====== MATERIAL FOR THIS EXERCISE
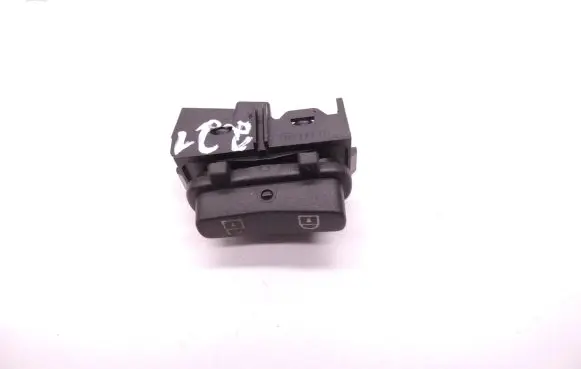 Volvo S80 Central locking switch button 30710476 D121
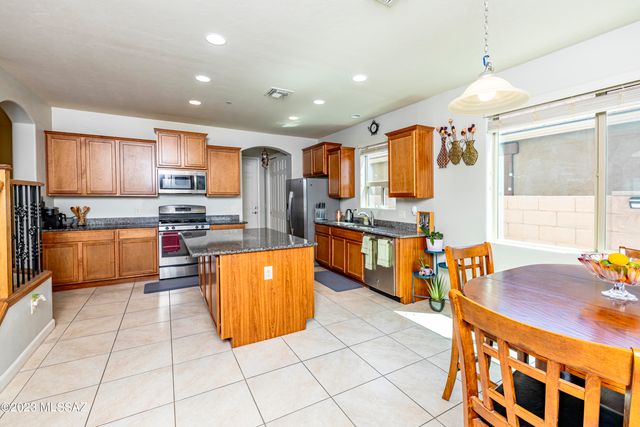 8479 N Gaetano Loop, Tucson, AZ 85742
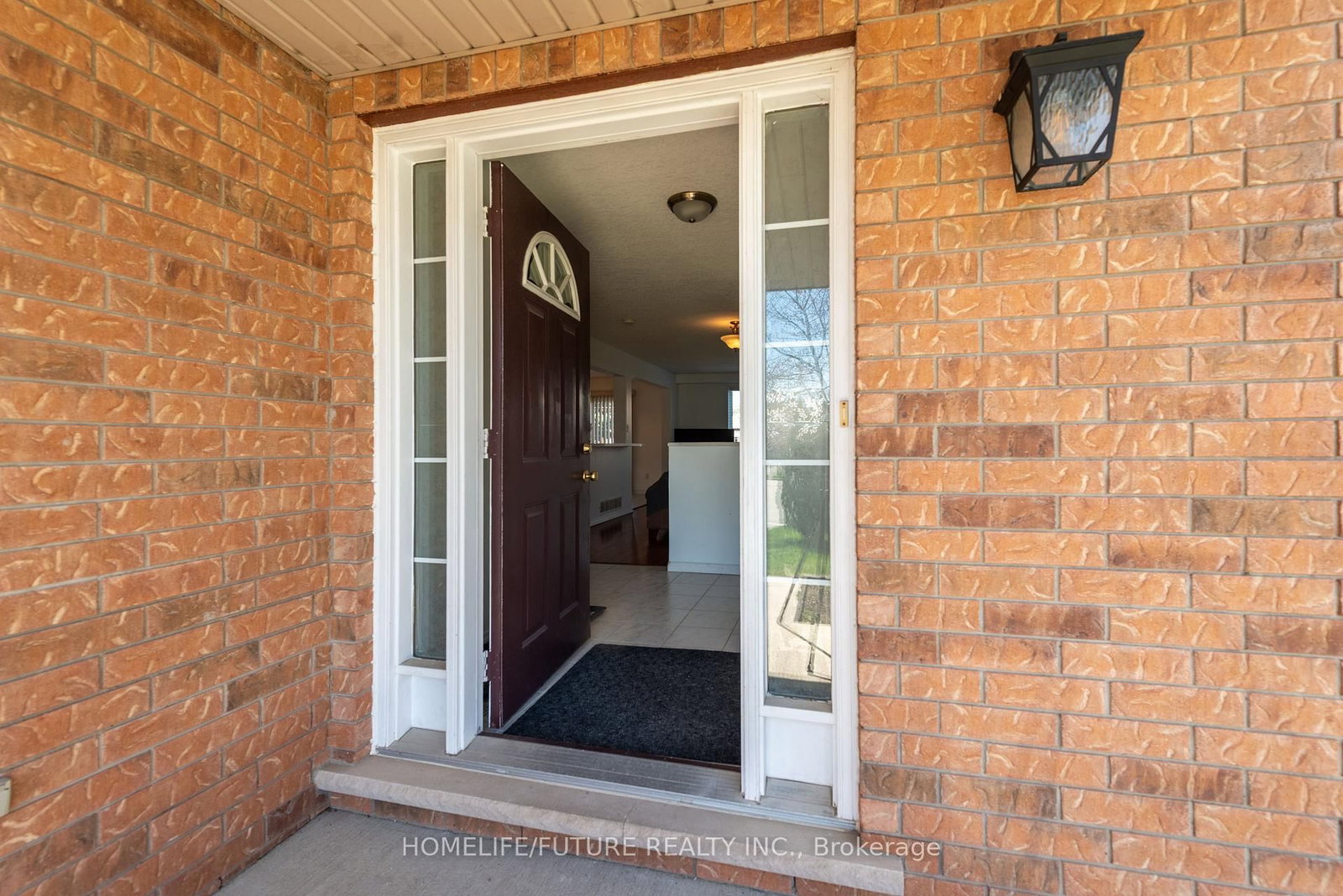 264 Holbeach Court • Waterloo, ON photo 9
============
====== MATERIAL FOR THIS EXERCISE
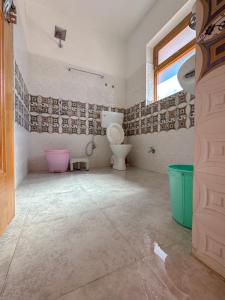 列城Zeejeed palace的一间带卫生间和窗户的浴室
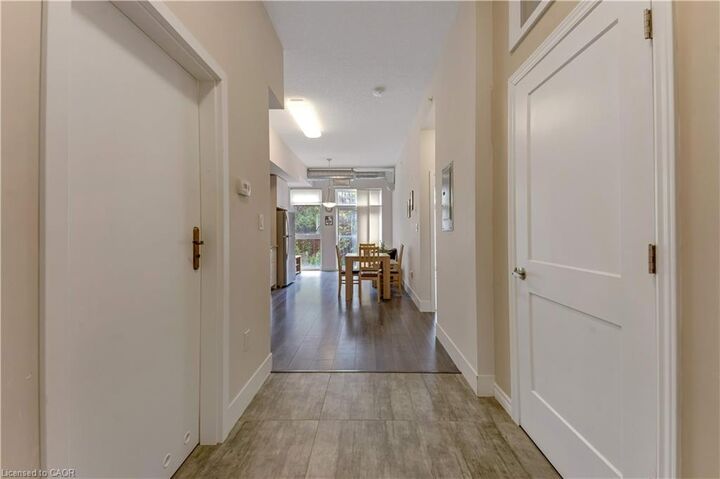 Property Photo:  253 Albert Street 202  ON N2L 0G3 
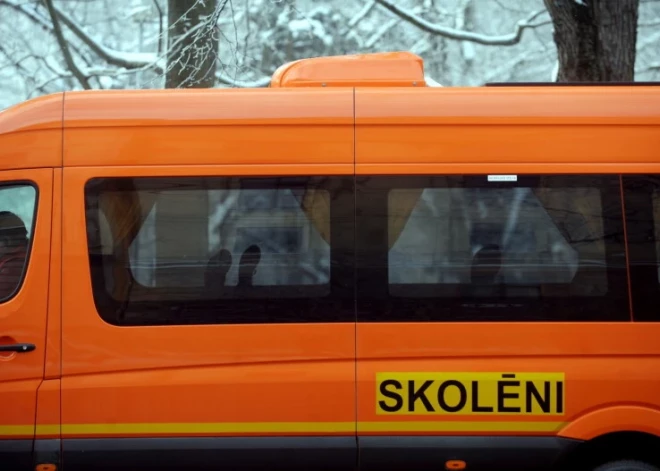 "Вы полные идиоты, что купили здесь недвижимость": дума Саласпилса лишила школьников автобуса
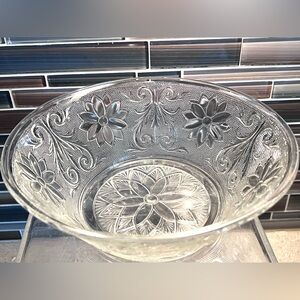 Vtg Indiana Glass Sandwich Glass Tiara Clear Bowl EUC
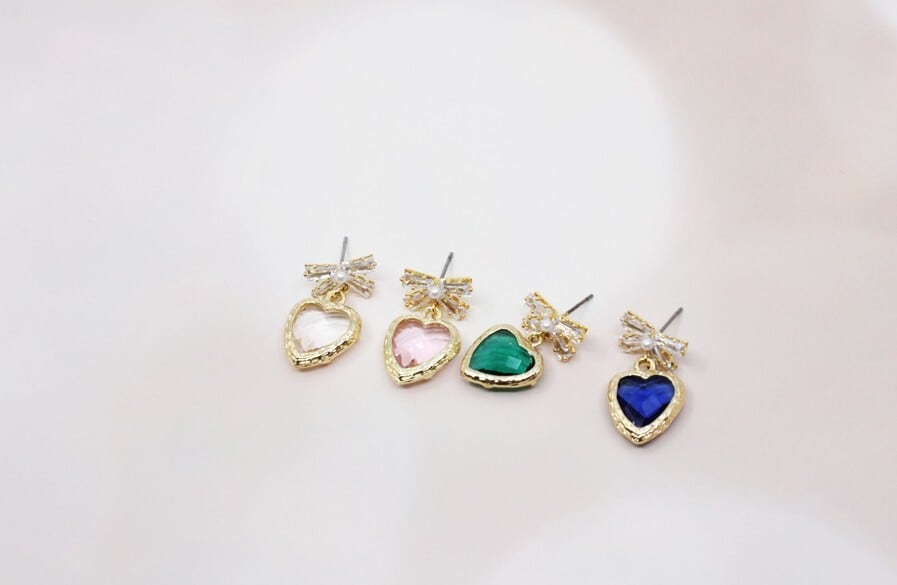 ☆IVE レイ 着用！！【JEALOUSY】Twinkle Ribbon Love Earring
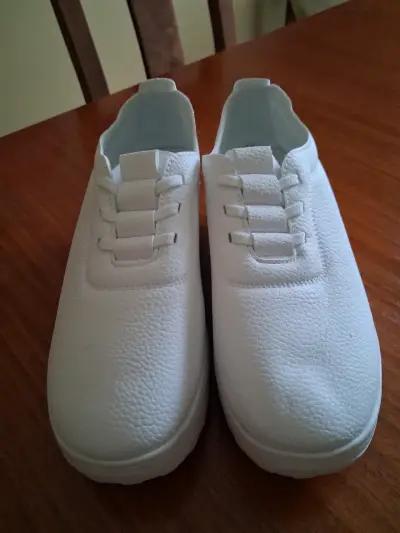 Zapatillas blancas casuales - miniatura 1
============
====== MATERIAL FOR THIS EXERCISE
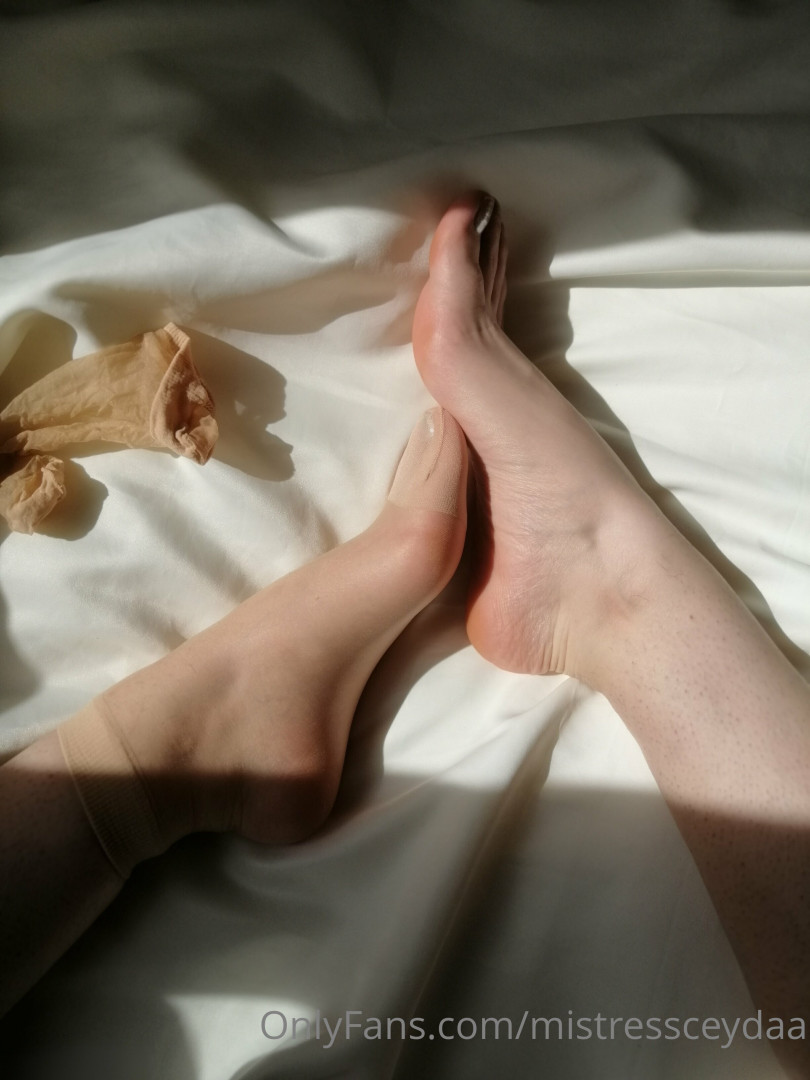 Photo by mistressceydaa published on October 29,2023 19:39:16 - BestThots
============
DIRECTIONS: Although the records above contain pictures, the copy must not; set down exactly the lines from the one with "253 Albert Street" up to and including the one with "Zapatillas blancas casuales - miniatura 1".

WRITTEN ANSWER:
 Property Photo:  253 Albert Street 202  ON N2L 0G3 
 "Вы полные идиоты, что купили здесь недвижимость": дума Саласпилса лишила школьников автобуса
 Vtg Indiana Glass Sandwich Glass Tiara Clear Bowl EUC
 ☆IVE レイ 着用！！【JEALOUSY】Twinkle Ribbon Love Earring
 Zapatillas blancas casuales - miniatura 1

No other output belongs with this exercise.